══ Records ══

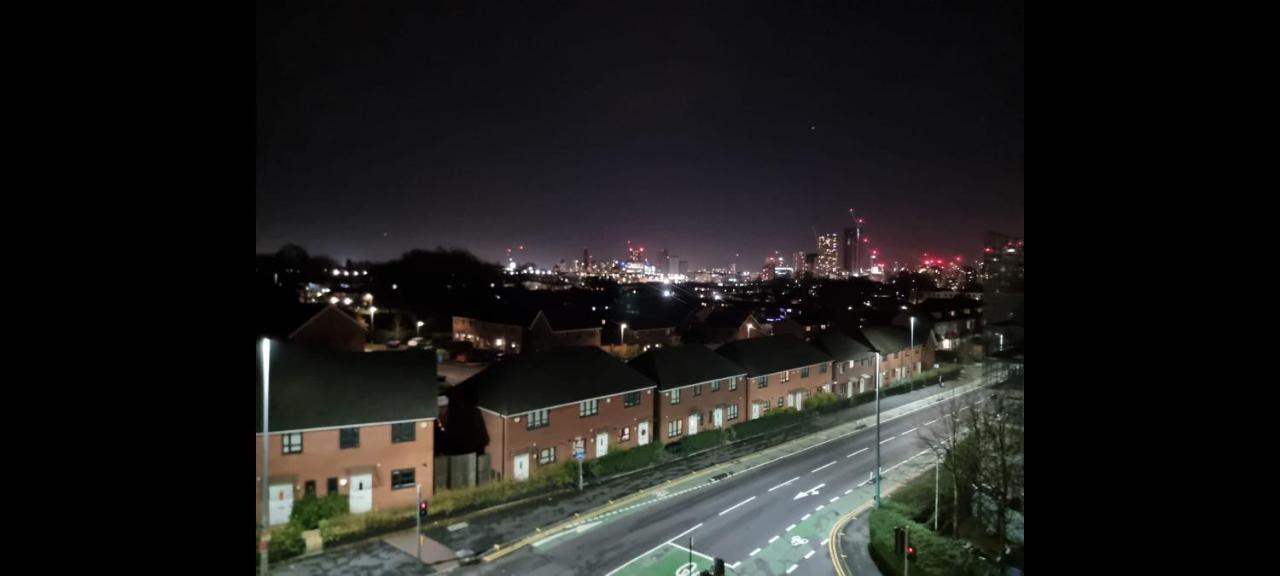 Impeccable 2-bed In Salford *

═══
══ Records ══

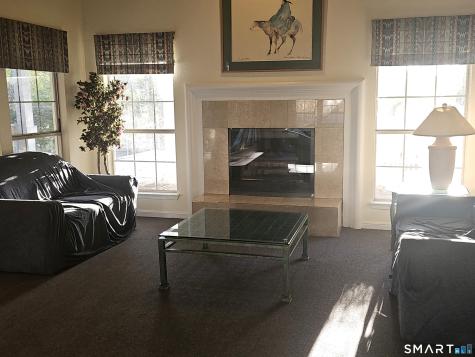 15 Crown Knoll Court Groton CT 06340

═══
══ Records ══

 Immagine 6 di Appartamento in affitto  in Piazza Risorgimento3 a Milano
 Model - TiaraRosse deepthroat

═══

Work instruction. Take the line above containing "Immagine 6 di", the line containing "Model - TiaraRosse deepthroat", and all lines in between, and copy them exactly without anything else.

Answer box.
 Immagine 6 di Appartamento in affitto  in Piazza Risorgimento3 a Milano
 Model - TiaraRosse deepthroat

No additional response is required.